I am trying to OCR the images with numbers as well, Can you guide me how can I include them?

HassamChundrigar commented 4 years ago

I have also included numbers in training images as well, but they are not sufficient, because urdu is written in RTL format while numbers are in LTR.

UBISOFT-1 commented 3 years ago

Why shouldn't we make a urdu number classifier in the image that scrapes the numbers in the test.jpeg and their location in which they will be put in and make another model just for numbers and when we get the numbers put the numbers back into the relative location we got before.

HassamChundrigar commented 3 years ago

@UBISOFT-1 A better approach is to reverse all numbers appearance in data set (text only) then train again.

UBISOFT-1 commented 3 years ago

@HassamChundrigar , yeah that is indeed a better approach, why do not you train on the dataset and maybe make it so it supports multi-line ocr as well.

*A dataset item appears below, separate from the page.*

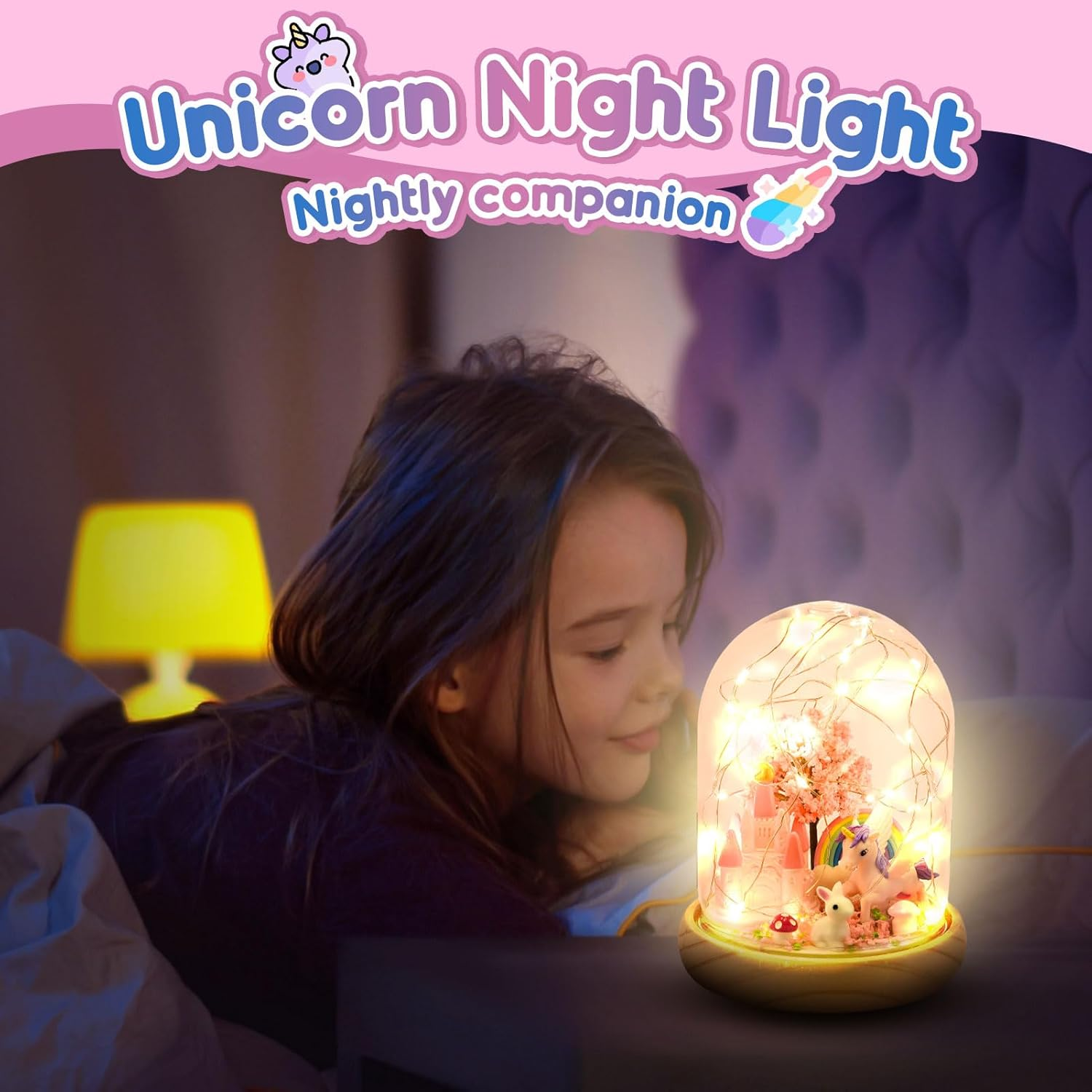 Girls Gifts Age 3-8, Vingtank Unicorn Toys for Girls Kids Night Light Toys for 3 4 5 6 7 8 Year Old Girl Birthday Gift Unicorn Craft Kits for Room Decor Desk or Shelf Christmas Display image number 6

HassamChundrigar commented 3 years ago

Thanks for highlighting. Because textual data is mainly extracted from magazines stories. There are only few examples of numbers which are not sufficient to train for numeral . There are multiple formats of writing numerals, some uses Arabic letters and some uses Mix Arabic and English letters. Multi line ocr needs segmentation of text lines from document. It may become an another module.